When I type h t t p://localhost/, I get iis 7.5 opening, I have been told to uninstall it, I have, but I have no change.
I then found I had iis 6 also. I cannot get rid of either of them. So I cannot proceed with the training. 
I have found methods to clear off the iis's but none have worked.
Any ideas please.
Hob


----------



## Laxer (Dec 28, 2010)

Hello Hob,

Are you using a local copy, local server or web server?

If local-> How to install Apache (and PHP+MySQL) on Windows: setting up Apache - Web design tips & tricks
If local server-> Install Apache - How to Install the Apache Web Server on Linux
If web server contact them and request a switch to apache.


----------



## hobittual (Oct 29, 2009)

Hi there.
It started by installing WAMP as per Lynda.com's instructions. I do not get the prescribed screen when I use the address ://localhost/, I get a iis 7 screen. It has been pointed out that this is just an html page and Apache could be reading it. I need to have the correct screen appear before I can carry on, so I need to find out what that is, again, and I will get back on here with more of an idea.
Thanks for your time.
Hob


----------



## Laxer (Dec 28, 2010)

*WAMP = Windows * Apache * MySQL * PHP*

IIS != apache

Are you using a local copy, local server or web server?


----------



## reventon (Oct 16, 2009)

How sure are you that IIS is uninstalled?

Go to Start -> type "turn windows features on or off" (it may be called something different in Vista) and make sure the IIS boxes are unticked.


----------



## hobittual (Oct 29, 2009)

Laxer said:


> *WAMP = Windows * Apache * MySQL * PHP*
> 
> IIS != apache
> 
> Are you using a local copy, local server or web server?
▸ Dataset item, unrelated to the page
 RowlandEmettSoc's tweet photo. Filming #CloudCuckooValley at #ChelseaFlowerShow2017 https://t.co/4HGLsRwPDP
I believe I am using a local server, especially as I don't know what Local copy means. I don't understand what you mean by " IIS !=apache "




reventon said:


> How sure are you that IIS is uninstalled?
> 
> Go to Start -> type "turn windows features on or off" (it may be called something different in Vista) and make sure the IIS boxes are unticked.


This is what I can see:










So I don't understand where it is going wrong.

I seem to be digging a bigger whole as I go here!!!!
Thanks
Hob


----------



## reventon (Oct 16, 2009)

Untick the "World Wide Web Services" (under Internet Information Services).


----------



## Laxer (Dec 28, 2010)

reventon said:


> Untick the "World Wide Web Services" (under Internet Information Services).


Once that is done follow this tutorial -> How to install Apache (and PHP+MySQL) on Windows: setting up Apache - Web design tips & tricks


----------